2.ADMINISTRATION. The Administrator shall be responsible for administering the Plan. Subject to the provisions of the Plan, the Administrator shall have the full authority, in its sole discretion, to take any actions it deems necessary or advisable for the administration of the Plan, including but not limited to:
(a)determining the Fair Market Value for purposes of any Award;
(b)approving any forms of Award Agreements to be used under the Plan;
(c)amending any outstanding Awards;
(d)construing and interpreting the Plan and any agreements defining the rights and obligations of the Company and Non-Employee Directors under the Plan;
(e)correcting any defect, supplying any omission or reconciling any inconsistency in the Plan or any Award Agreement;
(f)adopting such rules or guidelines as it deems appropriate to implement the Plan;
(g)authorizing any person to execute on behalf of the Company any instrument required to effect the grant of an Award previously authorized by the Administrator or the Plan;
(h)adjusting the number of shares subject to any Award, adjusting the price of any or all outstanding Options or otherwise changing previously imposed terms and conditions, in such circumstances as the Administrator may deem appropriate;
(i)determining whether, and the extent to which, adjustments are required pursuant to Section 7 hereof; and
(j)making all other decisions relating to the operation of the Plan.

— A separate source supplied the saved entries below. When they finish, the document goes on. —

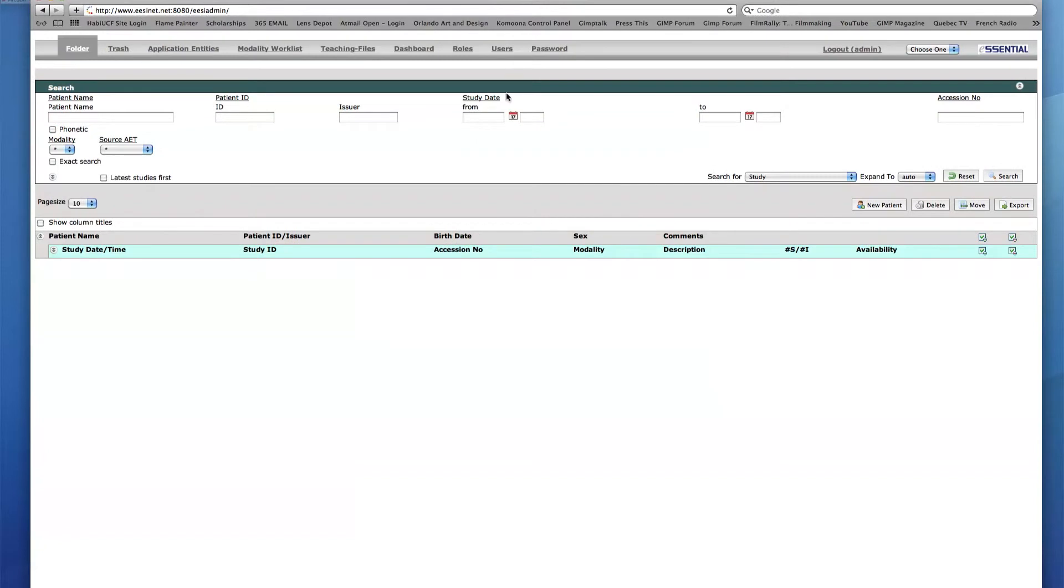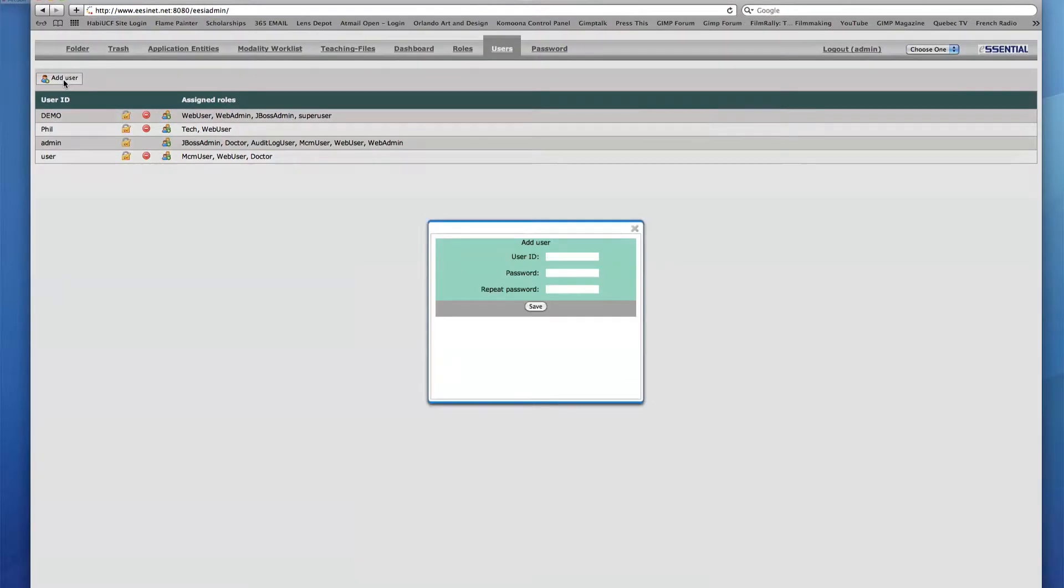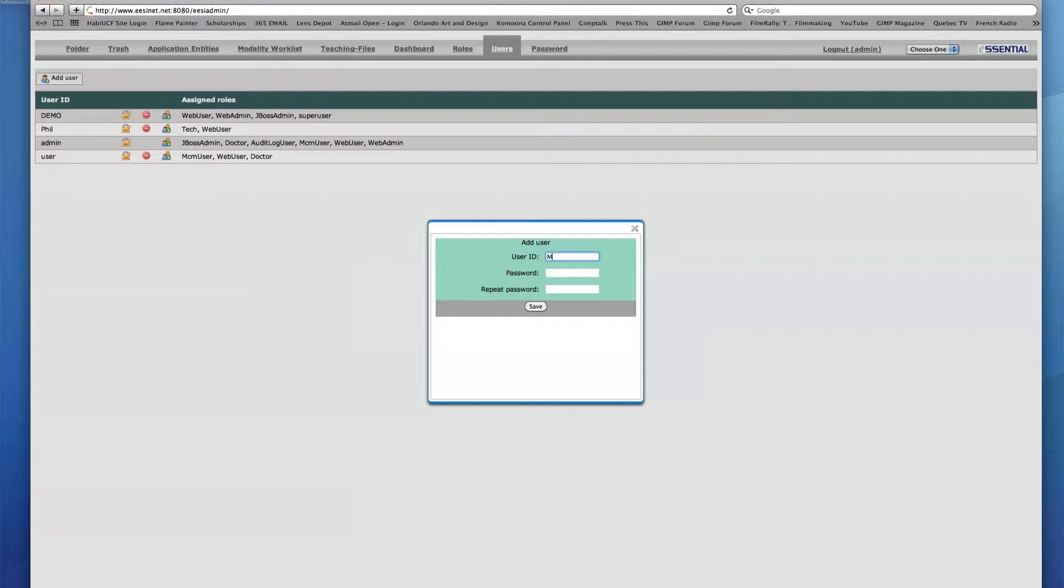Starting in the Users tab, a new user can be created by clicking the Add User icon in the top left corner. A dialog box appears with three empty fields including User ID, Password, and Repeat Password. I will add a new user called Mike Tech, along with a password for this user, and click Save.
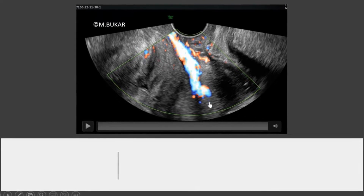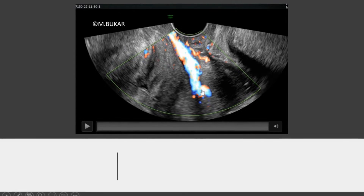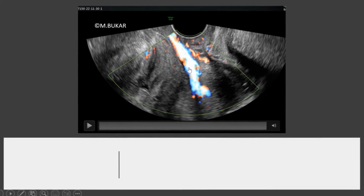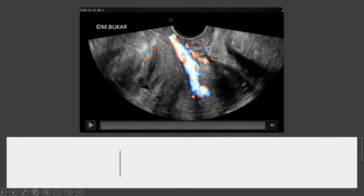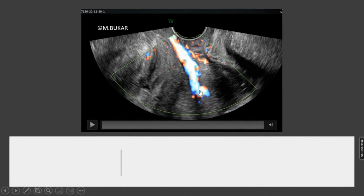This is a high-definition Doppler of the same case, depicting the feeder vessel. The feeder vessel has clearly delineated the origin of the polyp.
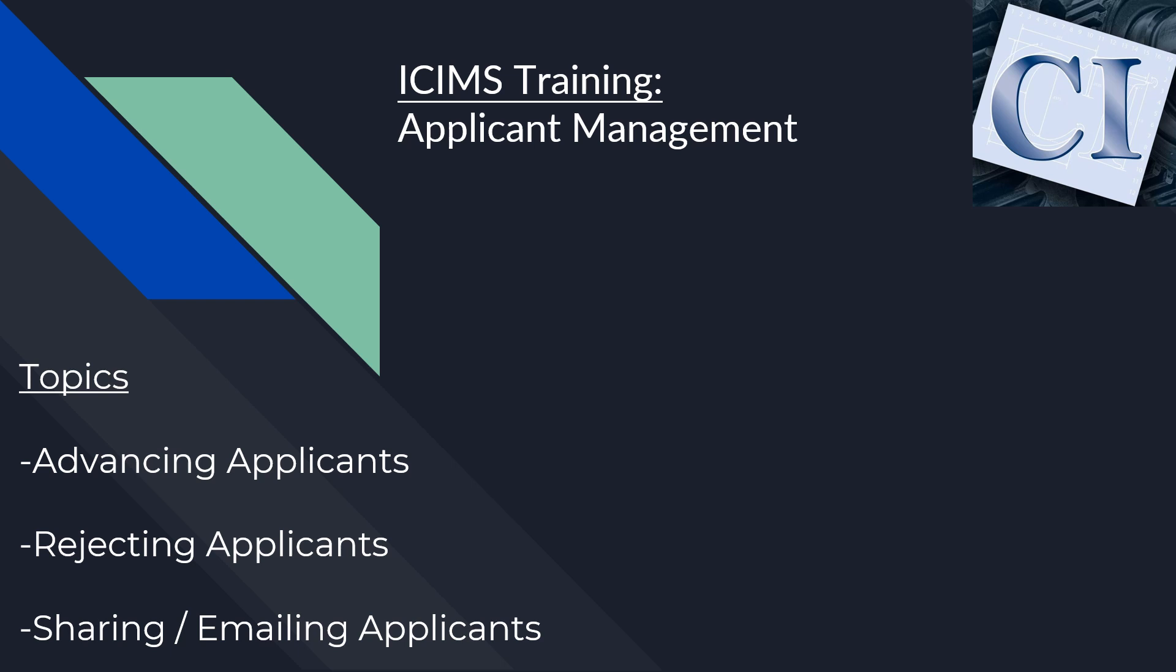All right, hello and welcome everybody to our license training hosted by the Council of Industry. My name is Tyler and today we'll be discussing applicant management.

Each interpretation, determination, or other action made or taken by the Administrator pursuant to the Plan shall be final and binding on all persons, and the Administrator’s determinations under the Plan need not be the same for all persons. The Administrator shall not be liable for any action or determination made in good faith, and shall be entitled to indemnification and reimbursement in the manner provided in the Company’s Articles of Incorporation and Bylaws as such documents may be amended from time to time.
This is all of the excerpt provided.